Gabriela is an independent curator and researcher based in Brooklyn, New York. She recently served as Artistic Director of Malba, Museo de Arte Latinoamericano de Buenos Aires (2019-2021). From 2004 to 2019 she was Director of Visual Arts and Chief Curator at Americas Society in New York. She holds an M.A. in Curatorial Studies from Bard College (Annandale-on-Hudson), an M.A. in Media and Communication Studies from the Universidad Católica Andrés Bello (Caracas) and Film Studies from the Escuela Internacional de Cine de San Antonio de los Baños (Cuba). She has also worked at the Fundación Cinemateca Nacional and the Museo Alejandro Otero in Caracas, and the Museum of Fine Arts in Houston. She has curated and co-curated numerous exhibitions of modern and contemporary art with artists such as Erick Meyenberg, Marta Minujín, Carlos Cruz-Diez, Gordon Matta-Clark, Arturo Herrera, Leonilson, and Alejandro Xul Solar, among others.

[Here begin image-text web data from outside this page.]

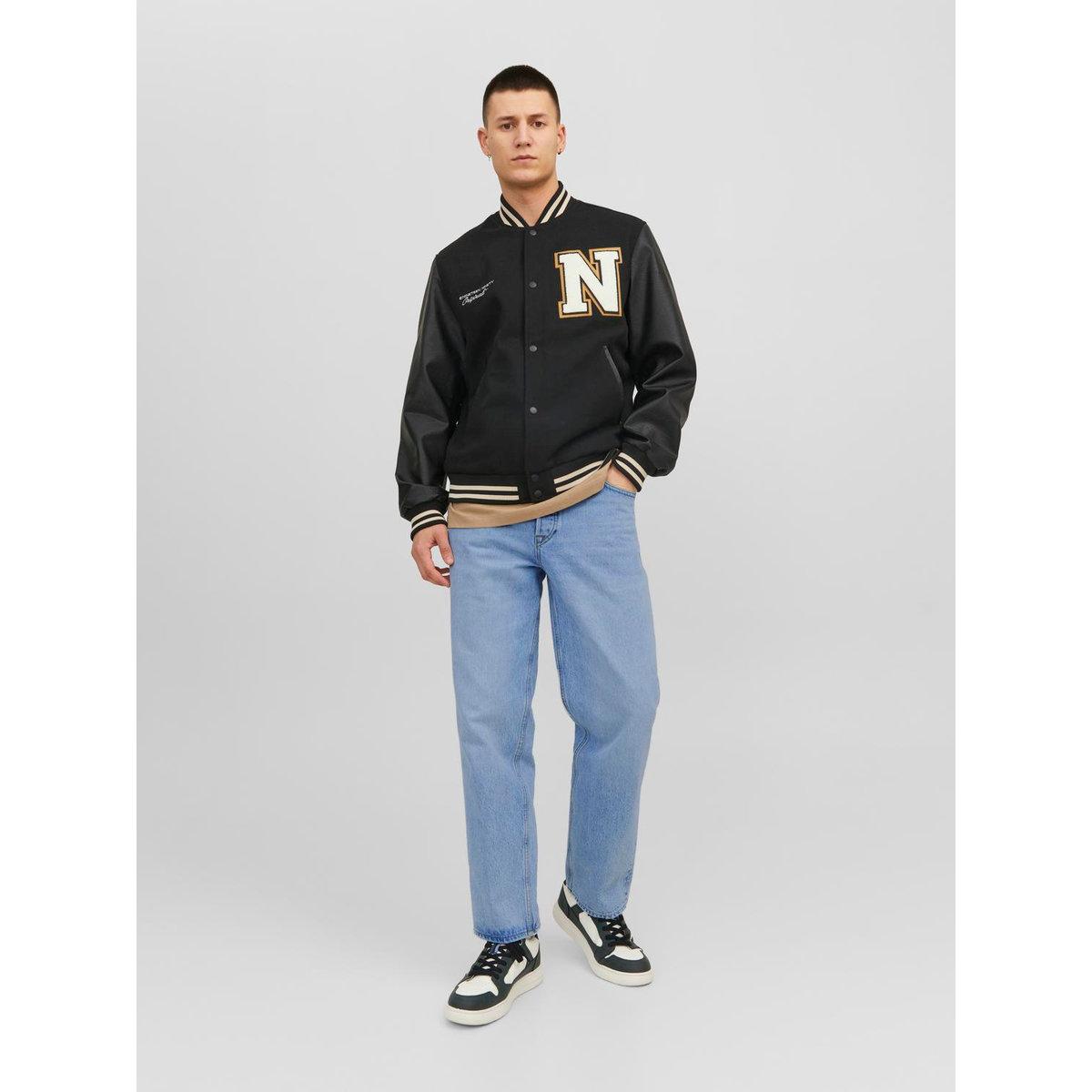 جينز بقصة فضفاضة مع جيوب-men-clothing-bottoms-jeans-image-5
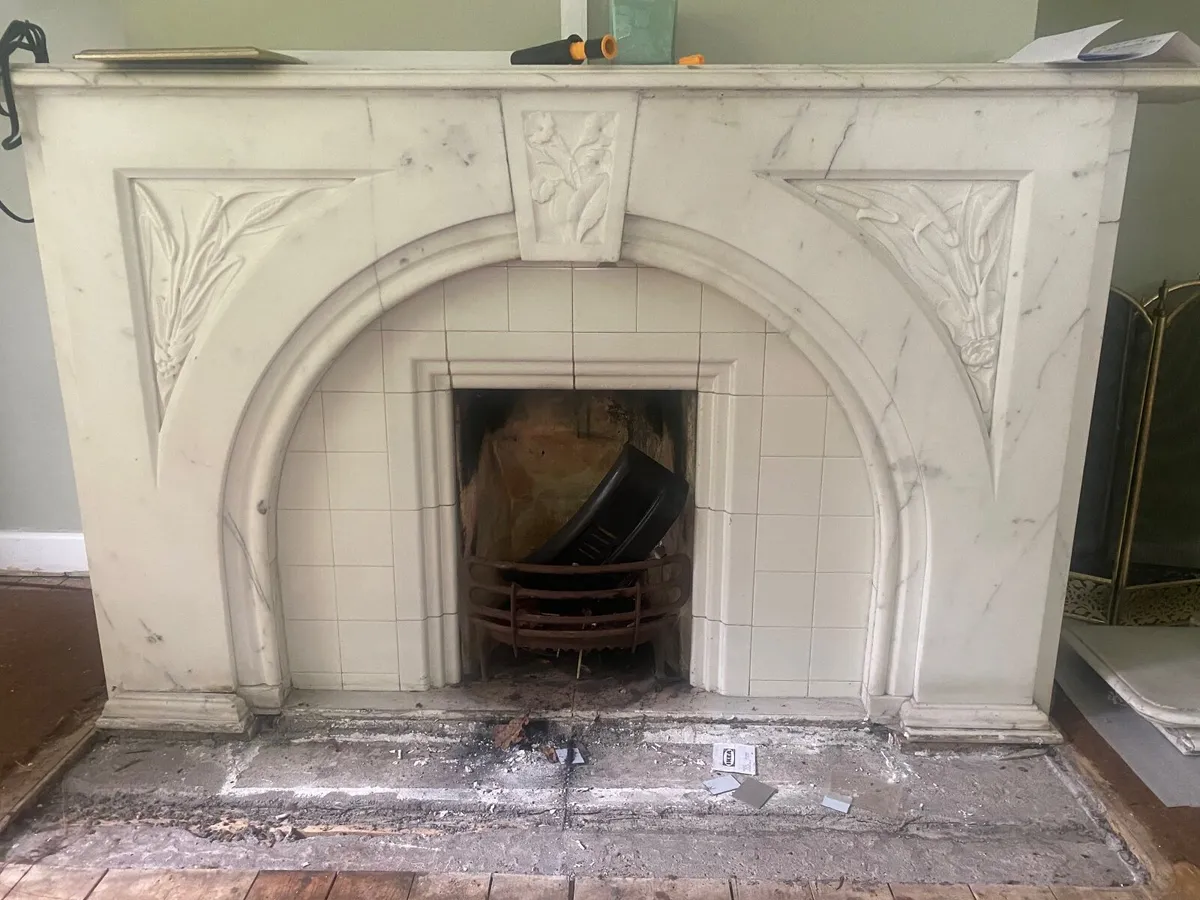Marble fireplace and heart in excellent condition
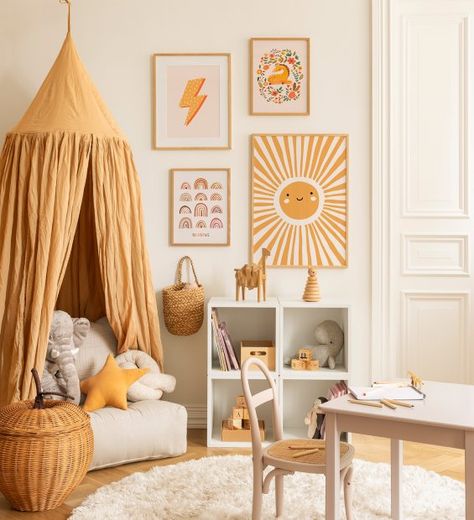 Decorating Nursery, Toddlers Bedroom, Organization Nursery, Yellow Kids Rooms, Furniture Nursery, Rum Inspo, Orange Theme, Yellow Nursery, Makeover Bedroom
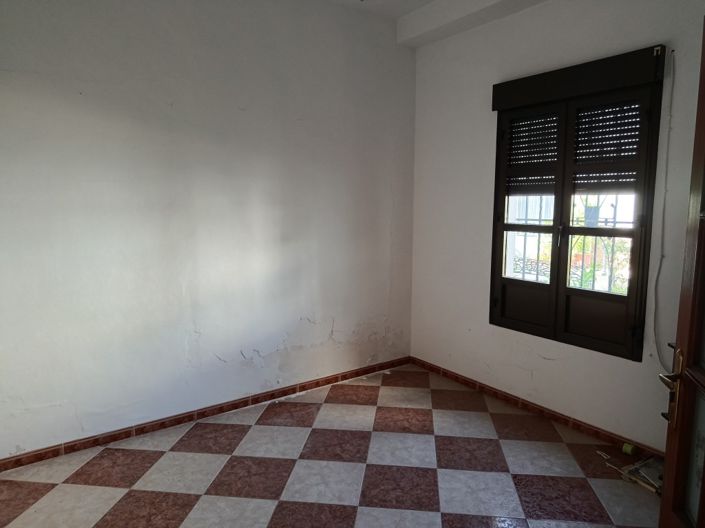 Image No.6-7 Bed Townhouse for sale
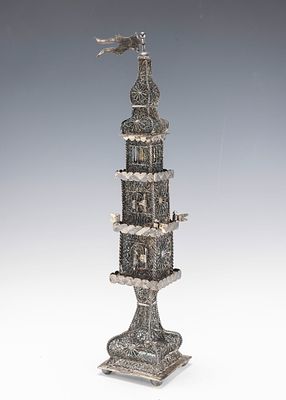A LARGE AND IMPORTANT SILVER FILIGREE SPICE TOWER. Probably Lemberg, c. 1800. A massive spice 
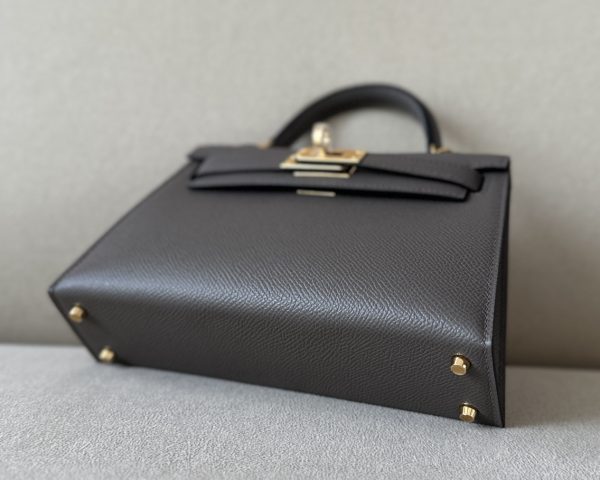 Kelly Mini Epsom Etain (8F) Gold Hardware - Image 10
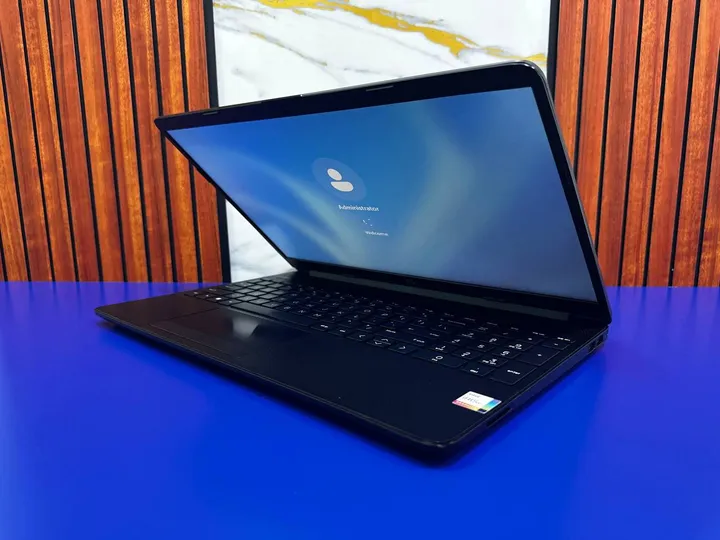 HP 250 G8 Core i7 Laptop – photo 6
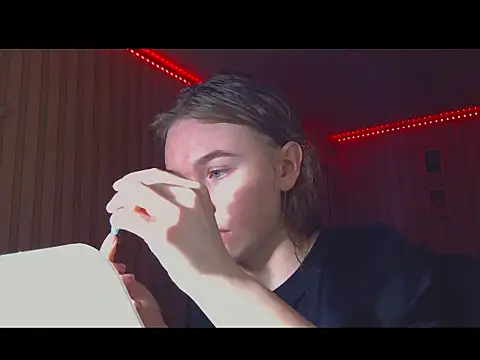 Snapshot of bellameow88 chatting on 12/18/25, 11:36 bellameow88 online show from 12/18/25, 11:36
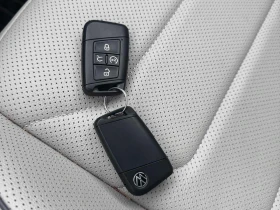 VW Tiguan * Highline R Line * CARFAX * ОПЦИЯ ЗА ФИНАНСИРАНЕ , снимка 11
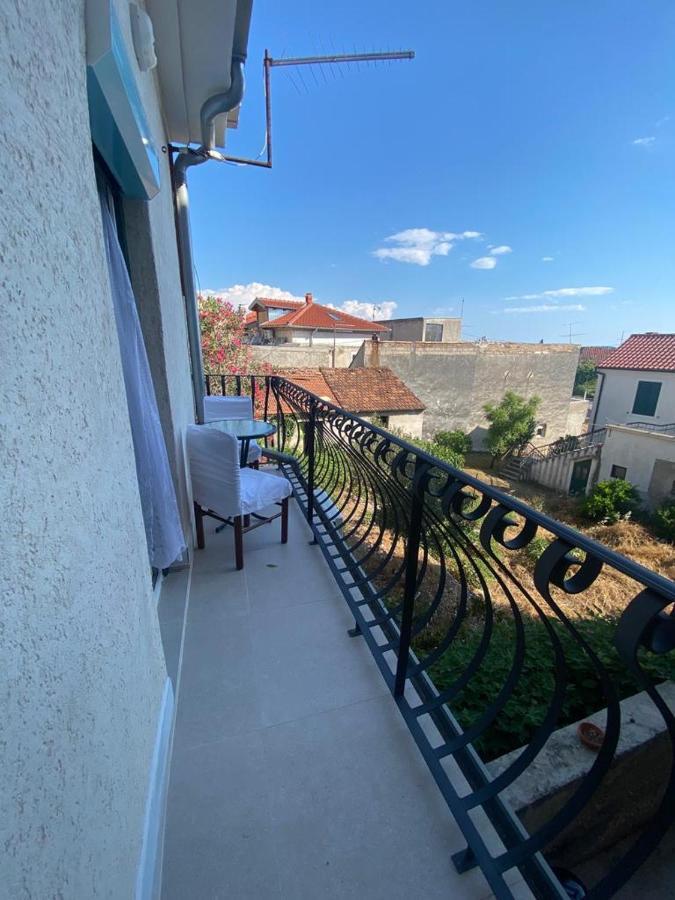 Duje & Roko Apartments Šibenik Exteriör bild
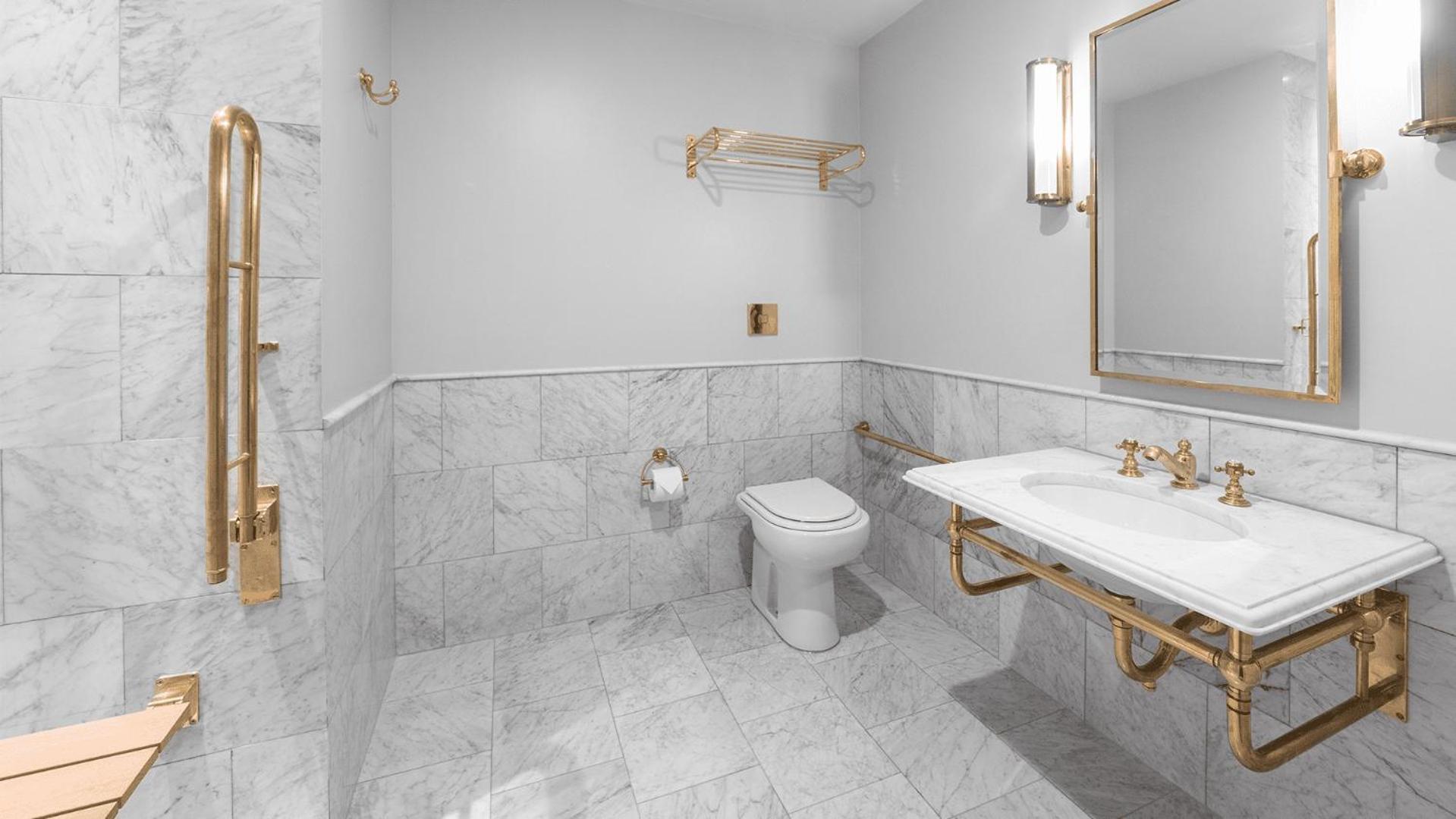 Queen Room - Disability Access photo 3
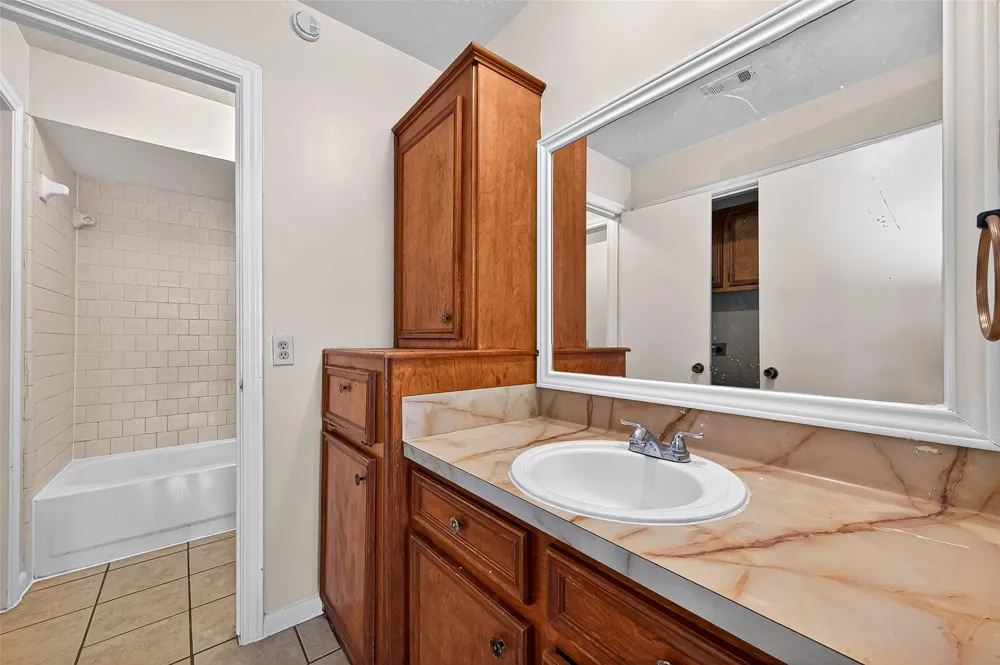 11503 Nobility Drive #4 C Stafford, TX 77477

She has also written for specialized magazines such as Art in America, Brooklyn Rail, Hyperallergic, Parkett, and Art Nexus. Has edited and written for art publications including Terapia (Malba 2021), Pedro Reyes Sociatry (2022), Contesting Modernity (Museum of Fine Arts Houston, 2018), Abraham Cruzvillegas, Empty Lot (Tate, 2015), Marta Minujín: Minucodes (Americas Society, 2015), Javier Téllez/Vasco Araujo, Larger than Life (Fundação Calouste Gulbenkian, 2012), Arturo Herrera (Transnocho Arte, 2009), and A Principality of its Own (Americas Society-Harvard UniversityPress, 2006), among others.